The modeled surface currents are slightly stronger than the observations near Stellwagen Bank and slightly weaker than the observations at Scituate and Manomet, however. At Race Point there is a discrepancy between the modeled and observed mean flows very similar to winter, consistent with the interpretation that this is due to slight spatial error in representation of the tidal residual eddy off the tip of the Cape. As with the surface currents, the lower layer currents are also stronger than observed near Stellwagen Bank, but are close to the observed currents at the other locations (except Scituate, where the modeled currents are extremely weak).

In the summer, strong stratification results in much stronger currents in the upper layer than in the bottom layer. The model represents this behavior quite well, and again is a close match to the current ``climate'' at the future outfall site (Figure 3.19).

The model currents are again stronger than observed near Stellwagen Bank, and Cape Cod Bay surface currents are also stronger than observed.

In the fall the surface mean flow reverses and flows northward at Scituate and Manomet in both the observations and the model while the mean flow near Stellwagen Bank still flows to the south (Figure 3.20).

The ellipses are generally quite similar except at Race Point, where there appears to be some flow into Massachusetts Bay that is not apparent in the data.

The degree to which the model compares with data can be used to identify appropriate uses of the modeled hydrodynamics. For example, since the current ``climate'' is well represented in western Massachusetts Bay throughout the years, it is appropriate to use the model to study the near-continuous release of effluent in this region by the existing and future outfalls.

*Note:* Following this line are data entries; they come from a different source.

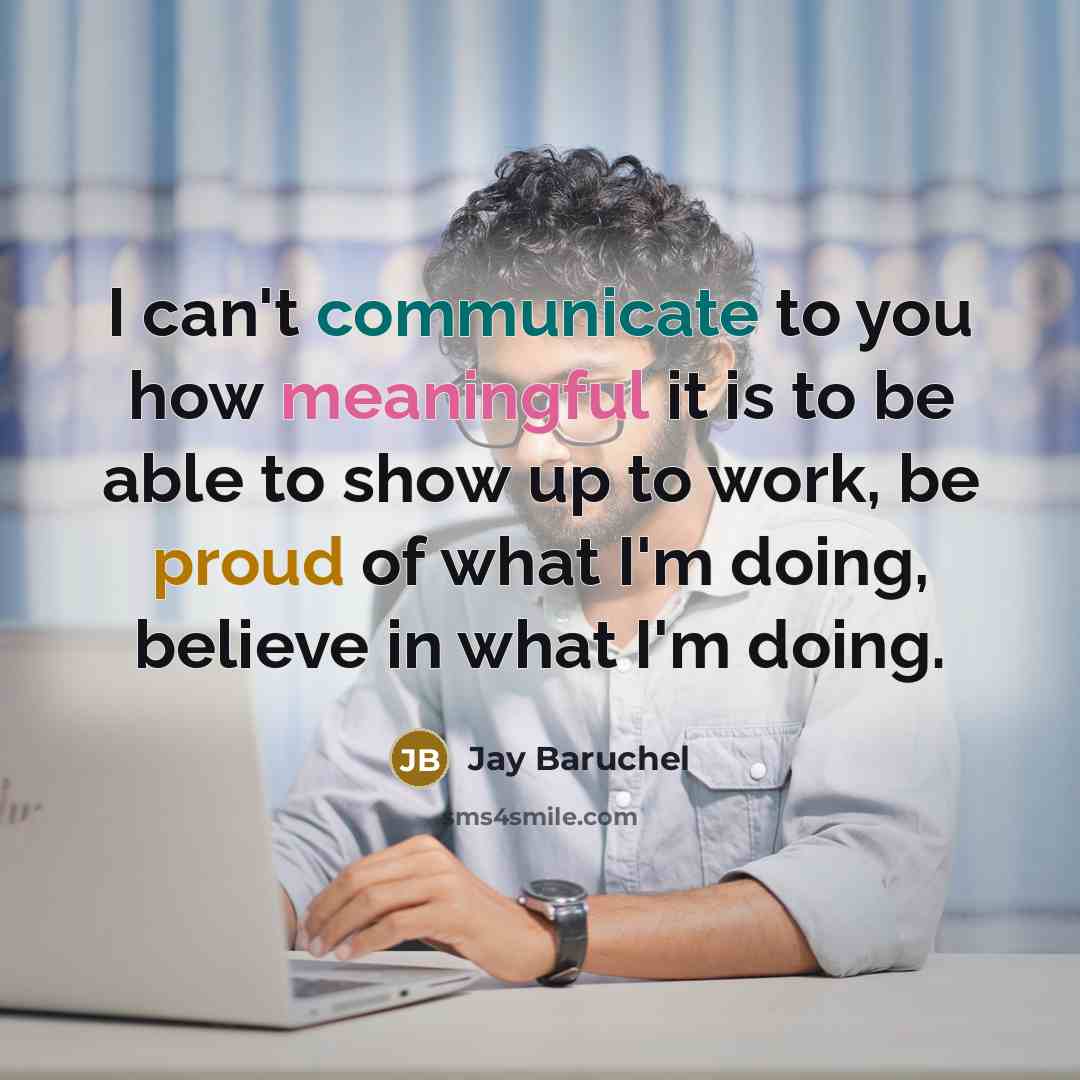 “I can't communicate to you how meaningful it is to be able to show up to work, be proud of what I'm doing, believe in what I'm doing.” quote by Jay Baruchel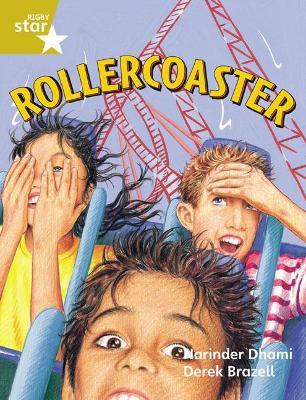 Rigby Star Guided 2 Gold Level: Rollercoaster Pupil Book (single) - Narinder Dhami - cover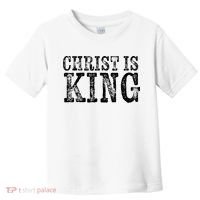Christian Political Christ Is King Toddler T-Shirt thumb 0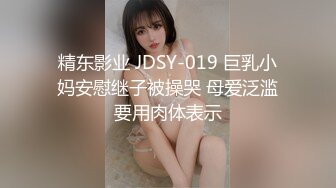 精东影业 JDSY-019 巨乳小妈安慰继子被操哭 母爱泛滥要用肉体表示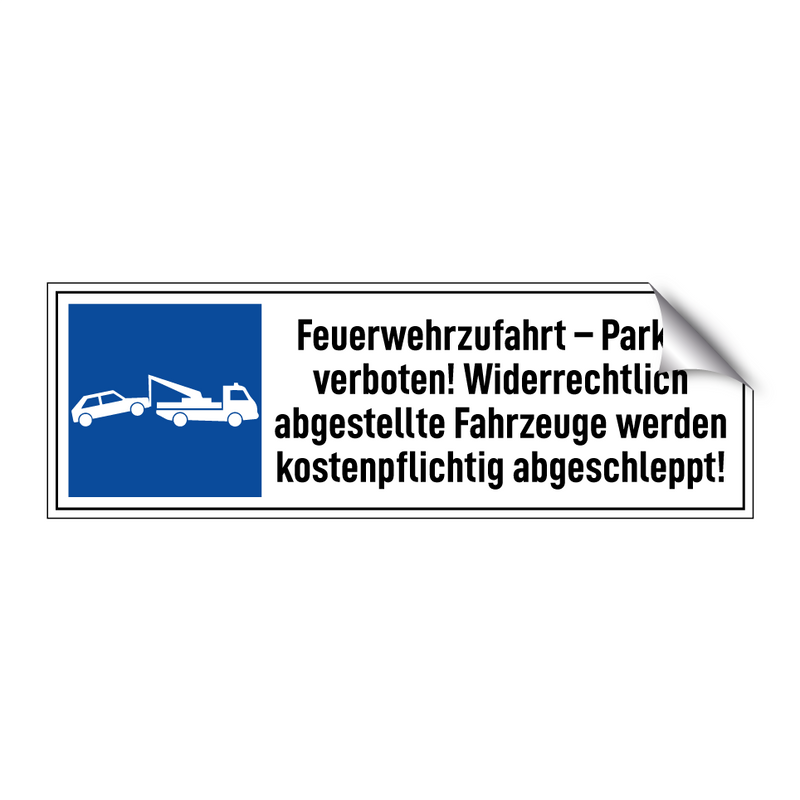 Feuerwehrzufahrt – Parken verboten! Widerrechtlich abgestellte Fahrzeuge werden kostenpflichtig abgeschleppt!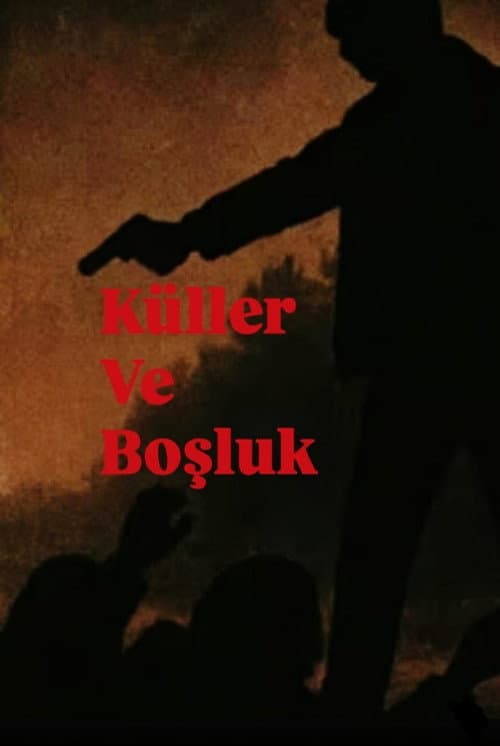 Küller ve Boşluk afişi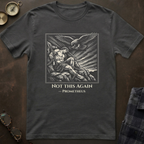 Prometheus Not This Again T-Shirt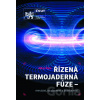 Termojaderná fúze - minulost, současnost a budoucnost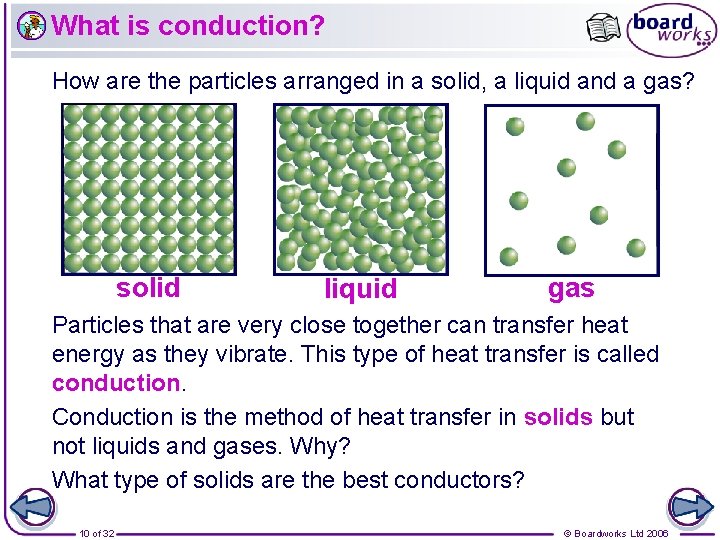 What is conduction? How are the particles arranged in a solid, a liquid and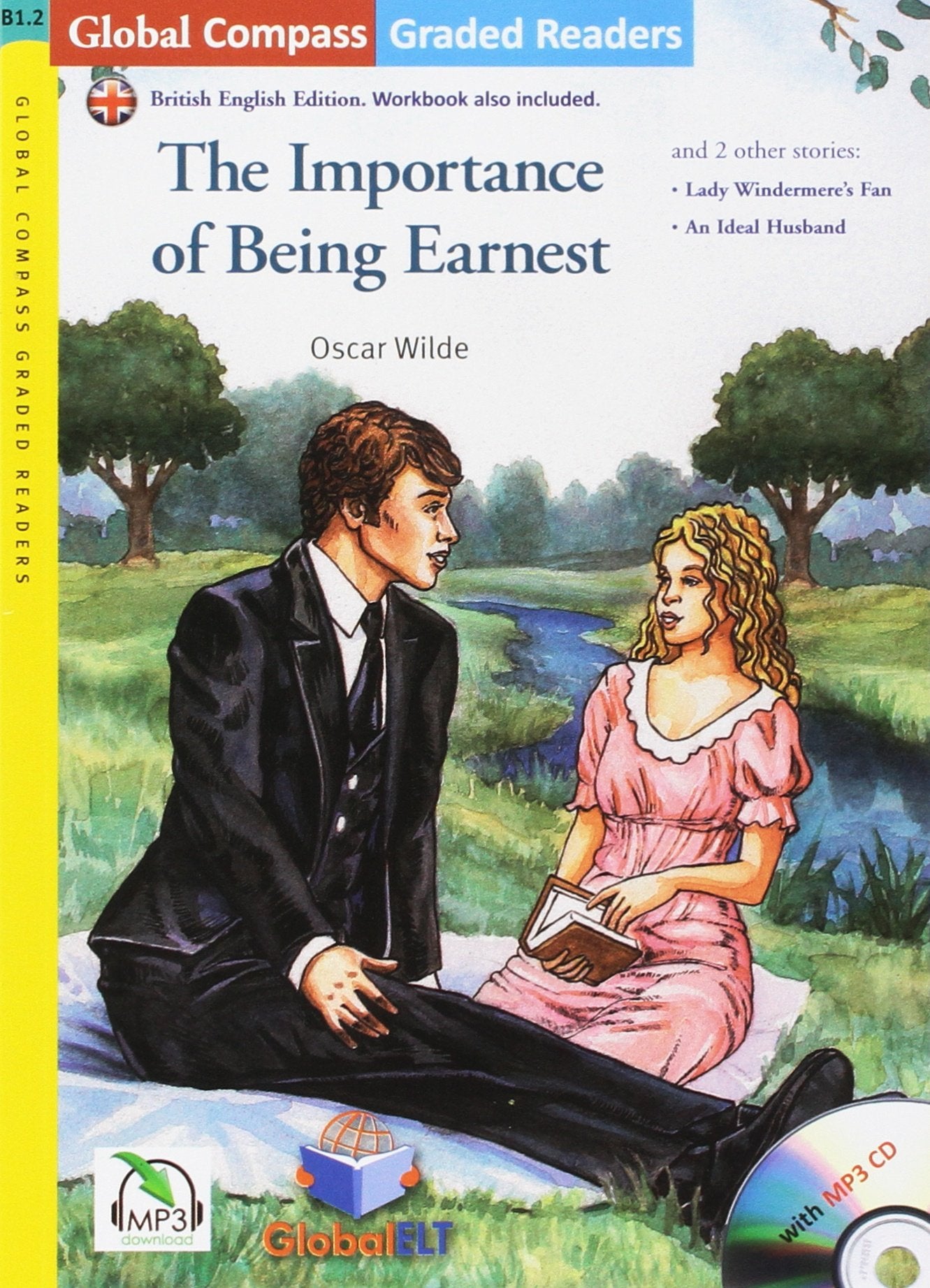 The importance of being earnest. B1.2. Con CD Audio formato MP3. Con espansione online book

Likewise, since individual events are well-represented in western Massachusetts Bay during unstratified conditions, the model is well suited to studying the transport of suspended material from this region during individual winter storms. On the other hand, predicting the detailed evolution of a low-salinity plume from a spring runoff event is not possible, at least partially due to inadequate information about the large scale forcing from the Gulf of Maine.